## To do
Gather all lines in the records below that include the word "Zipper".
* * * * *
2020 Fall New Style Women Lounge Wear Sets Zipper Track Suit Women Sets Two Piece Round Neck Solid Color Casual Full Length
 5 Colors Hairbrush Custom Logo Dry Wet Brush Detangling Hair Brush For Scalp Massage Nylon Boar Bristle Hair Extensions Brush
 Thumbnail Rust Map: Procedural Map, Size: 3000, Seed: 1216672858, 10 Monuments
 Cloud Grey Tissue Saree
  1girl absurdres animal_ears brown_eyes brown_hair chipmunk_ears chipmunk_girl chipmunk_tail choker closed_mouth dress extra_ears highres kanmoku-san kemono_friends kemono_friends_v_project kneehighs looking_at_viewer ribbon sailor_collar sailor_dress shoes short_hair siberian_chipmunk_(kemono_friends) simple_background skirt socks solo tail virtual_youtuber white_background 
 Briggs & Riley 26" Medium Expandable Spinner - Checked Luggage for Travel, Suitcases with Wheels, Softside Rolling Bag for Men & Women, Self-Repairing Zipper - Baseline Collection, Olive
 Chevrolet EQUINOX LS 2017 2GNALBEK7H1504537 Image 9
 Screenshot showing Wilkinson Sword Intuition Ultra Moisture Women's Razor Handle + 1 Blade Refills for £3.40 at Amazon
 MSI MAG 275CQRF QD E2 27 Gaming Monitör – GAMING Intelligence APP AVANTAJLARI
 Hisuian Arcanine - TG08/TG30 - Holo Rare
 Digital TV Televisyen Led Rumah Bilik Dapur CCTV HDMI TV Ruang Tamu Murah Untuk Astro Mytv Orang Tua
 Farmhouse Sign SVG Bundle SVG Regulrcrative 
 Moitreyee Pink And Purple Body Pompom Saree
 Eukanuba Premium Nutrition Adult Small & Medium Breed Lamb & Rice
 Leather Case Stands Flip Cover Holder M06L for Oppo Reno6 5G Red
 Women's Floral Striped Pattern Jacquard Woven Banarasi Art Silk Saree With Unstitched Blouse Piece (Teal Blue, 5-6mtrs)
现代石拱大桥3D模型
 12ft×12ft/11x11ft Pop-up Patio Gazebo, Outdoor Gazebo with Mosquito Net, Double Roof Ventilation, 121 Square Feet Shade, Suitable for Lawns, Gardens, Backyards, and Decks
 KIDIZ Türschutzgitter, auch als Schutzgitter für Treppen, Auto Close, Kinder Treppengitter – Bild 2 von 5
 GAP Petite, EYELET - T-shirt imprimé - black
* * * * *
## Response area
2020 Fall New Style Women Lounge Wear Sets Zipper Track Suit Women Sets Two Piece Round Neck Solid Color Casual Full Length
 Briggs & Riley 26" Medium Expandable Spinner - Checked Luggage for Travel, Suitcases with Wheels, Softside Rolling Bag for Men & Women, Self-Repairing Zipper - Baseline Collection, Olive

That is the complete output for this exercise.